Bizim çevremizde kızların, en muhlis kızların bile zengin koca hayali vardı. Senin hayalin varsa da emelin bu hayale hizmet etmiyordu. Öyleyse sen de ısmarlasan benim kabulüm derken sen karar verdin, herkes kendi yediğini öderse… Alman usulü… Almanları sevdim o gün bugün ben. Oturduk denize nazır seninle. Öğleden sonraki dersleri ektik. Gülüşe gülüşe bir şeyler anlatmaya geçtiğinde hiç de çekingen bir kız olmadığını, sözü şiir gibi nadide bir çiçek olduğunu o gün anladım. O günden sonra bir daha da bir başkasını anlamaya niyet etmedim. Senin niyetin ne zaman belli oldu, ne zaman bana sevgilim der oldun, onu hatırlamıyorum ama. Ben sensiz bir günü bile geçiremez olduğumda seni de benim kadar aşık sanıyordum çünkü. Hiç şüphe duymaz mı bir aşık aşkından. Hiç! O günlerde seni görmek her gecenin sabahında mümkündü şimdi ise imkansızlarla savaşıyorum. Özlüyorum. Seni bir başkasıyla hayal etmek gafletine düşüp bazen aklımı kaçırıyorum. Biliyorum aynı hayal seni de üzüyor, kırıyor, dağıtıyor. Hayatımdaki hiç kimse senin kadar değerli değil desem de. Senden ötesi öylesine desem de. Aynı şeyleri sen de desen de. Neden vazgeçmiyorsun bugününden? Neden geçmişine, bana, yarınına dönmüyorsun? Anlamıyorum, anlamayacağım.

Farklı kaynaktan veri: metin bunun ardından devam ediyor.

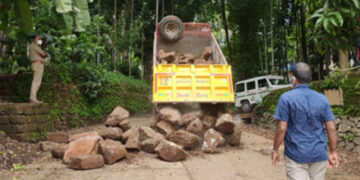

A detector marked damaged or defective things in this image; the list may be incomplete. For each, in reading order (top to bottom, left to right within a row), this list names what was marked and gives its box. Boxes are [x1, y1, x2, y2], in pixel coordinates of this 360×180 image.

overturned yellow truck [152, 15, 233, 114] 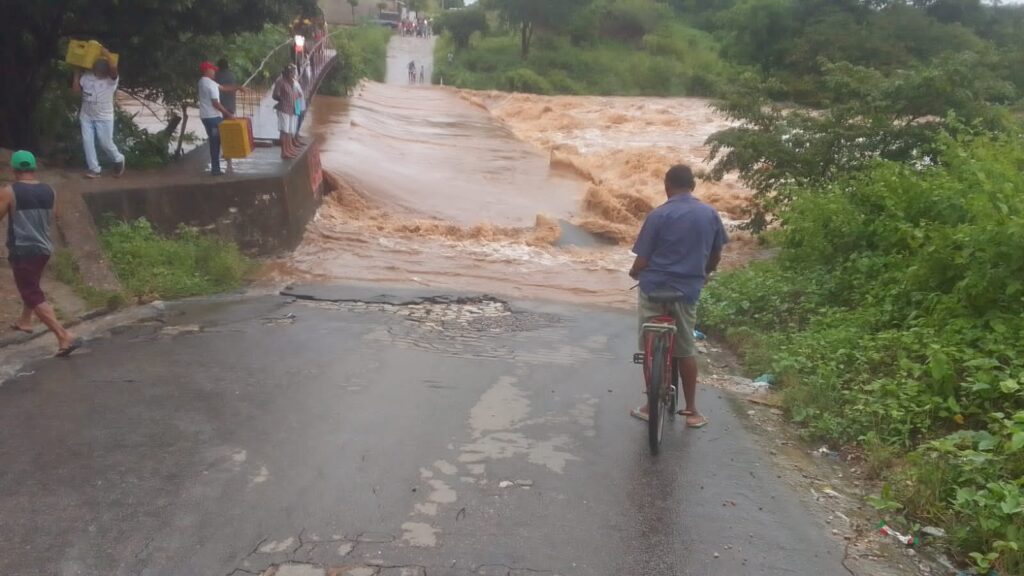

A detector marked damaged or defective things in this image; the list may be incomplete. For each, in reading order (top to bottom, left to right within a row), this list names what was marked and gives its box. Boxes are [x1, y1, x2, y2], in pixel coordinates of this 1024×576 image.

cracked asphalt [0, 288, 856, 576]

Ne zaman değişecekse fikrin o zaman hazırım biliyorsun, sevgilim. Seninle olmak için vazgeçeceklerimi biliyorsun. Birkaç günlük sen benim için canım pahasına… Bunu bilerek yaşa lütfen. İrfan.”
Mektubu okuyana kadar birkaç müşteri gelse, sonuna varamasam… Olmadı, tamamını okuyup bu İrfan denen mendeburdan nefret ettim. Annemin genellikle gergin, mutsuz, söylenmekten çok icraata geçmemiş biri olduğunu hatırlayınca sebebinin bir İrfan vakası olduğunu bilemezdim ki. Ben annemi kısaca bedbaht diye tanımlar geçerdim. Kronik bedbahtlık. Kronik imkansız aşk. Babamla ne demeye evlenip bir de yetmez gibi beni doğurmuştu ki? İşte seviyormuşsun bu adamı, zengin diye mi olmadı? Pos bıyık babası anneme çek uzatıp oğlumdan vazgeçmen karşılığında ne kadar istiyorsun, mu dedi? Mektuplarda bu soruların cevabı olmalıydı. Anneme ait başta bir mektubu okursam… Sırasını kaybedersem mevzuların karışabileceğini düşünüp sehpanın başına oturdum. Kronolojik sıralama yapmak için ofis işinde stajyer olmak gerekmez ancak mektupların çokluğu dikkate alınacak olursa o gün epeyce bir zaman harcadım. İşimin ortasında birkaç gereksiz müşteri geldi. Antika meraklısının antika mallara hayranlık duymasını beklersiniz. Hikayelerini dinlemeye peşinen hazır olmalarını… Burnunu kıvırarak yaşanmışlıkları irdeleyen insanlar antika tutkusu olduğunu söylemesin bana. Onların derdi gösteriş. Uydurma bir hikayeyle eşe dosta satın aldıkları bir vazoyu anlata anlata bitirememek… Kimse yokken de yüzüne bile bakmamak. Üstüne iki saniye bile düşünmemek. Her neyse! Ben işime bakarım. Gelen iki müşterinin abuk sorularını cevapladım, kronolojik sıralama işimi bitirdim. Gönderilen mektubun cevabını bulmam böylece zor olmadı. Cevabi mektup anneme aitti. Gönül Zengin. Annemin evlilik öncesi soy ismi… Yeni soy ismini kabullenmek istemeyen birinden gelen mektupların cevabı da aynı isimle gidiyordu.